Levanto, uma vez mais, minha mão até sua boca e ele, com uma certa rudeza, de alguém que não aguenta mais de tanta expectativa, na mesma hora abocanha os dois dedos e geme alto. Eu deslizo a língua por sua glande e vou circulando-a, sem pressa, para que ele curta cada pedaço do caminho. Ele geme e joga a cabeça para trás, descendo a mão até os meus seios, que aperta, um por um. Engulo seu pau até o fim e, na mesma hora, sua outra mão voa até meus cabelos, os quais ele enrola, em um rabo de cavalo, segura com força, numa pegada dura, tentando ditar a velocidade de meu movimento. Neste jogo de prazer, nossos corpos ditam as regras da lascívia e luxúria. Com o auxílio de uma de minhas mãos, imprimo um movimento mais rápido em seu pau, para tentar aliviar a dor prazerosa que ele causa-me ao torturar os bicos dos meus seios. Ele começa a puxar meu cabelo, imprimindo a velocidade que lhe convém e eu passo a me masturbar para que nossos músculos exercitem-se juntos, no mesmo ritmo e sintonia. Espasmos de tesão começam a se espalhar por todos os meus sentidos ao sentir suas pernas trêmulas, sua barriga vibrando e seu pênis ficando ainda mais grosso em minha boca.

− Vou gozar na tua boca, minha linda menina, e quero que, quando isso acontecer, seus olhos percam-se nos meus, ao mesmo tempo que engole toda a minha porra. Isso, enfia seu dedo fundo nessa bocetinha apertadinha e vem comigo, pequena! – sua voz é exigente, dura, carente. Mal termina de falar e ouço um grito rascante sair de sua garganta enquanto sinto os jorros quentes em minha boca. Não tenho nojo nem qualquer pudor em engolir tudo o que ele emana. E nem que eu fosse nojenta e não tivesse coragem de engolir seu líquido viscoso, seria capaz de o fazer só para vê-lo sentir a intensidade deliciosa de agora e a beleza do seu corpo a dançar de prazer. Não desperdiço uma única gota e olho para ele. Sorrio, satisfeita, ao ver a sua feição jubilosa. Vou ao delírio com isso, então, pressiono, em movimentos circulares, meu brotinho e suspiro com o prazer que explode em minhas mãos.

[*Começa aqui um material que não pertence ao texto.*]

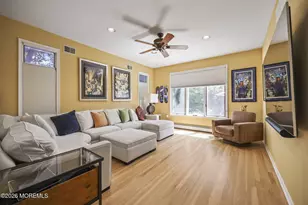 4 Miro Cir, Marlboro Township, NJ 07746 - Photo 20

− Muito mais delicioso do que eu sonhava! − sua cara de prazer e relaxamento faz-me sentir uma deusa poderosa – Você tem a mais deliciosa boca do caralho que eu já tive o privilégio de sentir e que me propiciou um dos orgasmos mais intensos que já tive.

Sendo quem sou, não consigo evitar de soltar uma de minhas pérolas.

− Isto é apenas uma amostra da ninfomaníaca em potencial que habita os recônditos de meu ser! – digo, rindo, no meu jeito bem humorado de sempre.